Easily missed red flags of ‘silent killer’ disease suffered by millions of people

By Staff 5 Min Read

Millions of people across the country are feared to have a disease known as a “silent killer” and has a number of symptoms which are easy to miss

Millions of Brits are at risk of a silent killer disease which has a number of easy-to-miss red flags.

The liver is a vital organ which performs hundreds of important functions for the body, including converting food into energy and removing toxins from the blood. However, one-third of all adults are feared to have fatty liver disease, caused by small amounts of fat.

Although this might not initially cause any problem, over time it can lead to lasting damage to the liver. If untreated it can result in cirrhosis, liver failure, cancer and even death.

The condition often does not present with symptoms until it has become more severe, earning it the reputation as a “silent killer”. Symptoms include a dull or aching pain in the top right of the tummy, extreme tiredness, unexplained weight loss and weakness.

According to the NHS, the disease typically develops in four stages which is simple fatty liver (steatosis), non-alcoholic steatohepatitis (NASH) – where the liver has become inflamed, fibrosis where persistent inflammation causes scar tissue around the liver and nearby blood vessels, but the liver is still able to function normally and cirrhosis which is the most severe and occurs after years of inflammation, where the liver shrinks and becomes scarred and lumpy.

The NHS says: “There are not usually any symptoms of non-alcoholic fatty liver disease in the early stages. You probably will not know you have it unless it’s diagnosed during tests carried out for another reason.”

The NHS says people should see a GP urgently or call 111 if you have any of these symptoms and have a liver condition. Which include yellowing of the skin and the whites of the eyes (jaundice), itchy skin and swelling in the legs, ankles, feet or tummy (oedema).

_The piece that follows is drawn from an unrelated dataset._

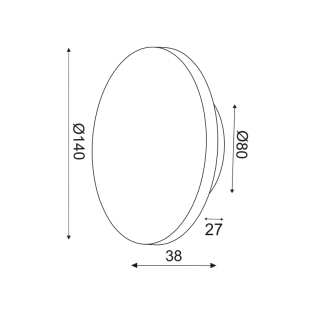 Όροφής ΕΠΙΤΟΙΧΟ Φ/Σ LED 5W 3000Κ ΜΑΥΡΟ MDF ΚΥΚΛΟΣ Φ14ΧΗ3,6CM ECLIPSE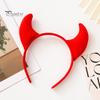 Devil Horn Decor Headband Plush Fabric Handmade Lightweight Elastic Design Hair Hoop Cosplay Parties Halloween Accessories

If you experience any symptoms and your GP is concerned they might refer you for a blood test called a liver function test which can diagnose conditions such as hepatitis.

However, it does not always pick up on fatty liver disease. The condition may also be spotted during an ultrasound scan of people’s stomachs. There are currently no specific medications for fatty liver disease, but making healthy lifestyle choices can help.